Why this representation?
Vladimir Nesov has pointed out that if a set of preferences can be represented by a probability function and a utility function, then it can also be represented by two probability functions. And furthermore we can “mix” these two probability functions together so that it’s no longer clear which one can be considered “beliefs” and which one “values”. So why do we have the particular representation of preferences that we do?
Is it possible that the dichotomy between beliefs and values is just an accidental byproduct of our evolution, perhaps a consequence of the specific environment that we’re adapted to, instead of a common feature of all rational minds? Unlike the case with anticipation, I don’t claim that this is true or even likely here, but it seems to me that we don’t understand things well enough yet to say that it’s definitely false and why that's so.

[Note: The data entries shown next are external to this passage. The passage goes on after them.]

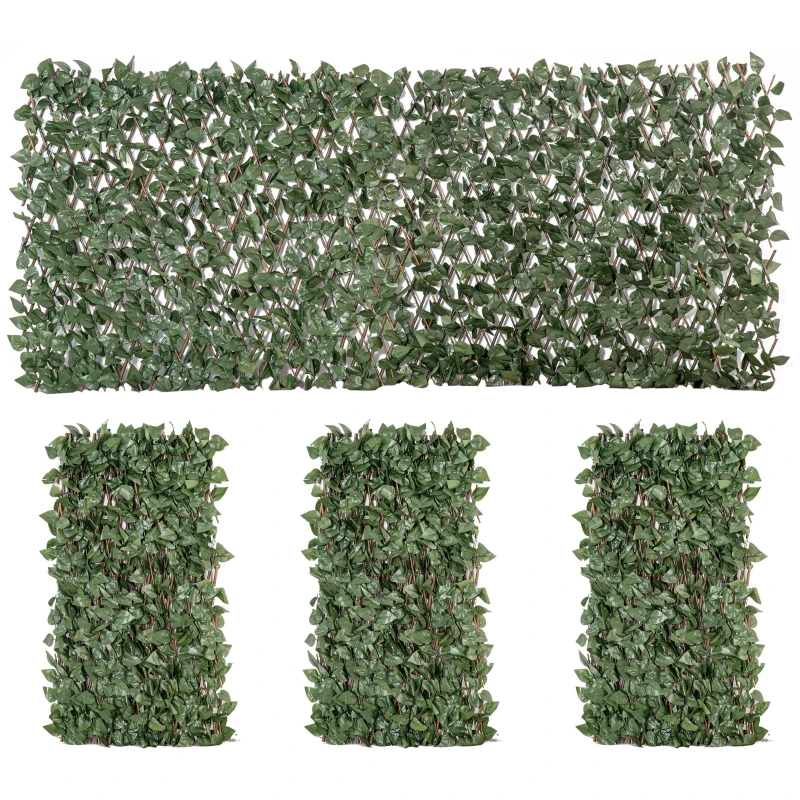 Set of 4 Artificial Ivy Hedge Panels, Expandable Polyester & Wicker Privacy Screen, 78.7 x 39.4 in for Garden, Balcony & Patio, Green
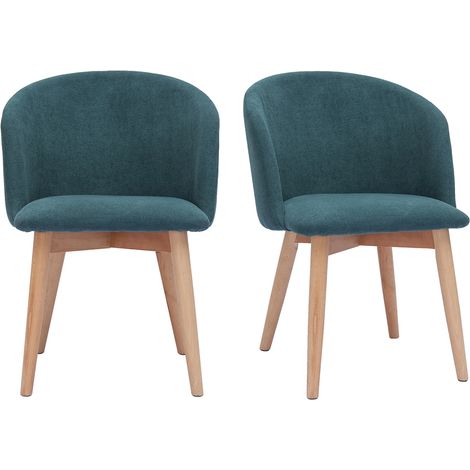 Skandinavische Stühle aus entenblauem Stoff mit Samteffekt und hellem Massivholz (2er-Set) VANITY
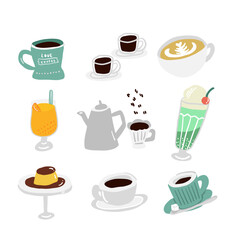 色々なコーヒーとカフェドリンクのイラストセット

This comment is directly about the question of probability and utility. The division is not so much about considering the two things separately, as it is about extracting tractable understanding of the whole human preference (prior+utility) into a well-defined mathematical object (prior), while leaving all the hard issues with elicitation of preference in the utility part. In practice it works like this: a human conceptualizes a problem so that a prior (that is described completely) can be fed to an automatic tool, then tool's conclusion about the aspect specified as probability is interpreted by a human again. People fill in the utility part by using their preference, even though they can't represent it as the remaining utility part. Economists, having to create autonomous models of decision-making (as distinct from autonomous decision-making systems), have to introduce the whole preference, but it's so approximate that it's of no use in most other contexts.
Because of the utility-prior divide of human preference in practice of human decision-making, with only prior in the domain of things that are technically understood, there is a strong association of prior with "knowledge" (hence "belief", but being people of science we expel feeling-associated connotations from the concept), while utility remains vague, but is a necessary part that completes the picture to the expression of whole preference, hence introduction of utility to a problem is strongly associated with values.
But why do human preferences exhibit the (approximate) independence which allows the extraction to take place?